Selectmen Chairman Rick Griffin said the board and Galley Hatch owners will have to come up with an equitable solution now that the issue is out there.
Griffin said he believes voters turned the article down because they didn't want to see a T-shaped intersection or a traffic light installed there.
"I don't think they voted against it because they wanted to hurt the Galley Hatch," Griffin said. "We need to find a solution, not cause a problem."
Selectman Bill Lally said he's hopeful something can be worked out to allow the Galley Hatch to continue using the land.

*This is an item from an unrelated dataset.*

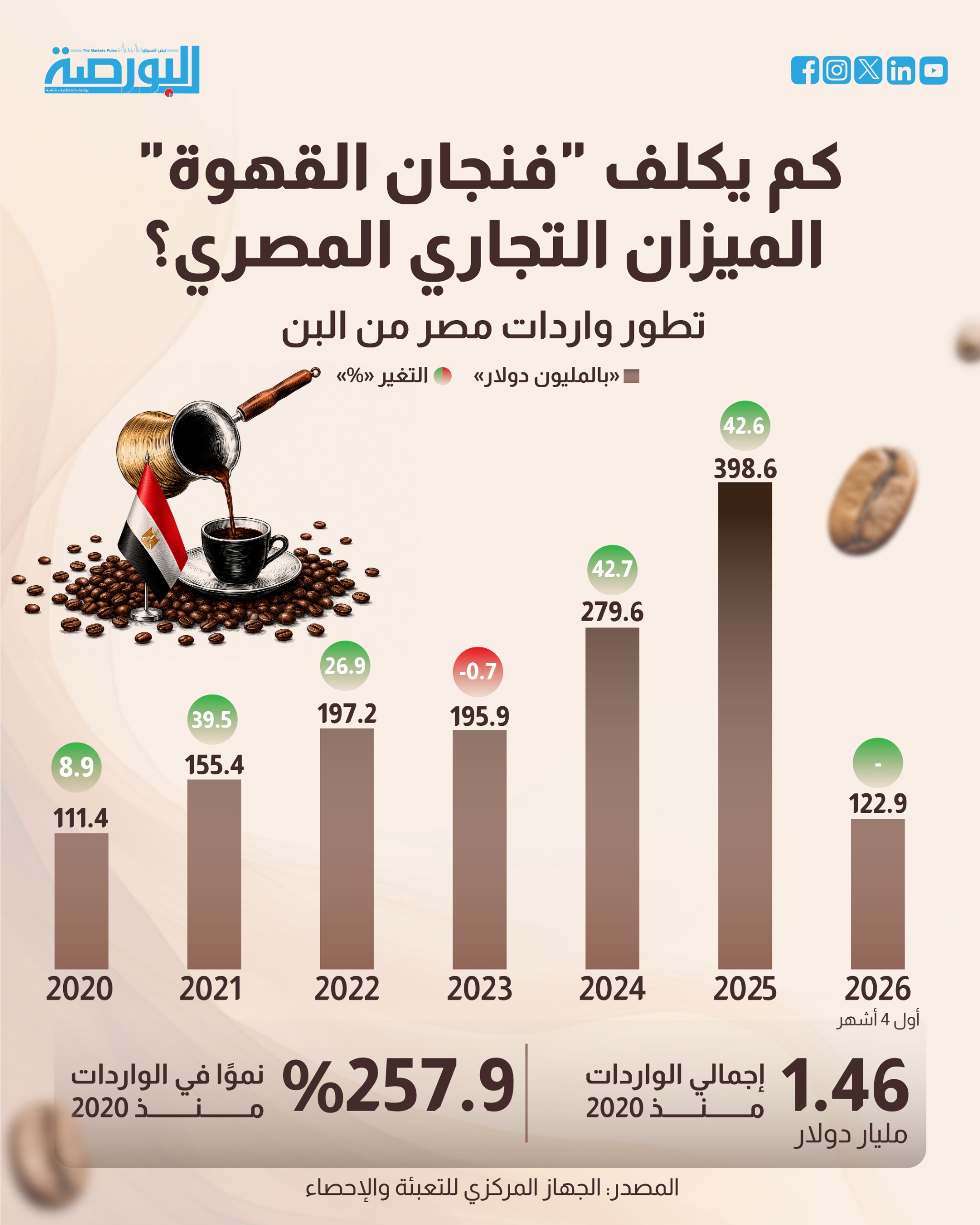 كم يكلف "فنجان القهوة" الميزان التجاري المصري؟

"What business in there right mind would want to come to a town that treats businesses like that?" Lally said. "We are not talking about a huge amount of land here, we are talking about miniscule parcels that would do the town no good if we took it over."

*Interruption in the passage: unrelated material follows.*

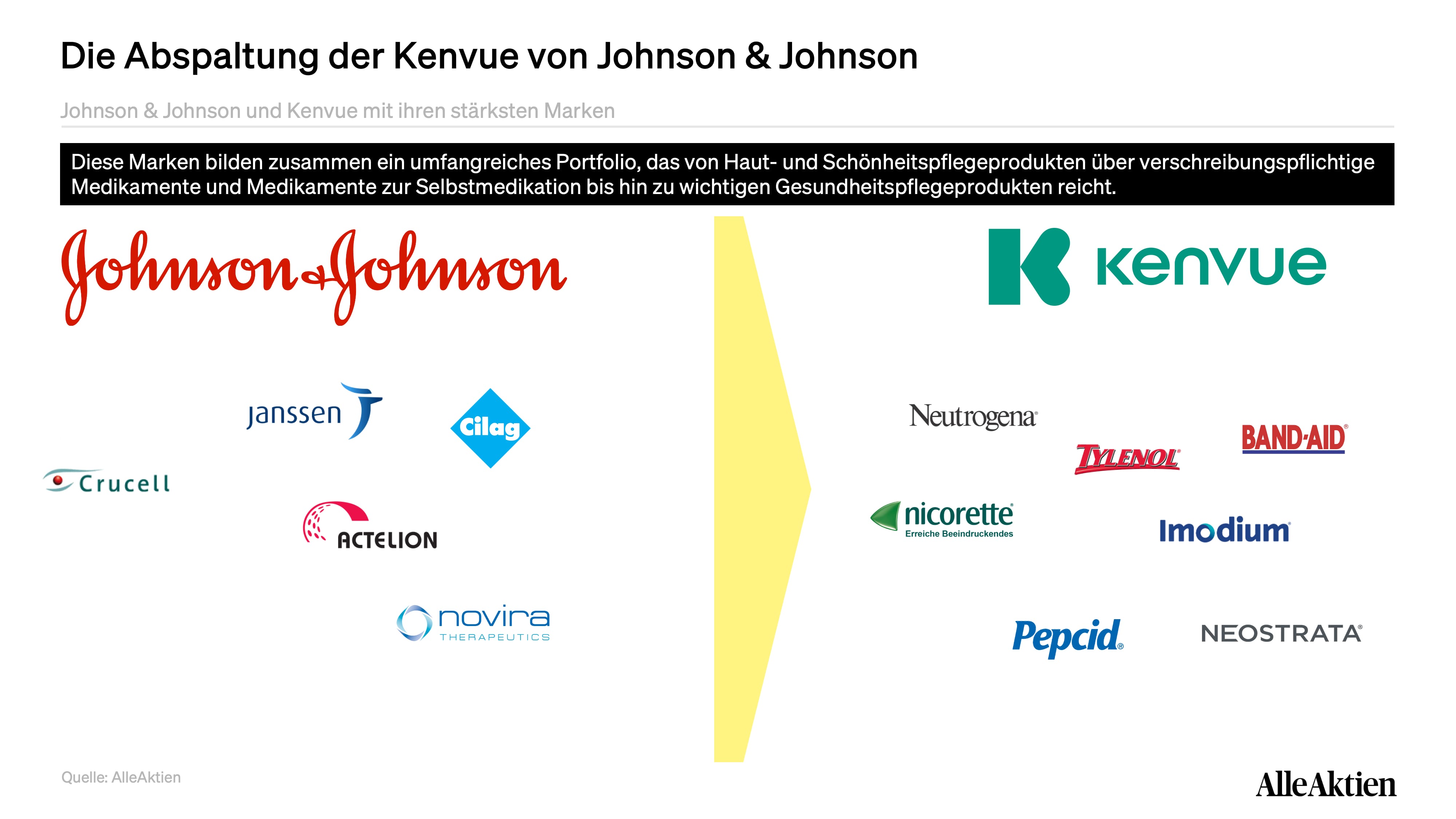 AlleAktien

Lally said the town is the one who dropped the ball when it approved the construction of the Citizen's Bank, Galley Hatch and Hampton Cinema Six.
"People are not (purposely) building on town land," said Lally. "That should have been caught years and years ago. That was our mistake.
"Because the town made a mistake are we going to go in there now and take it back?" the selectman said. "The answer to me is no."
Welch said the town intends to work with Galley Hatch to resolve the issue.
"It's a problem we have to solve," Welch said. "Hopefully, we can solve it and everyone can walk away with good feelings at the other end."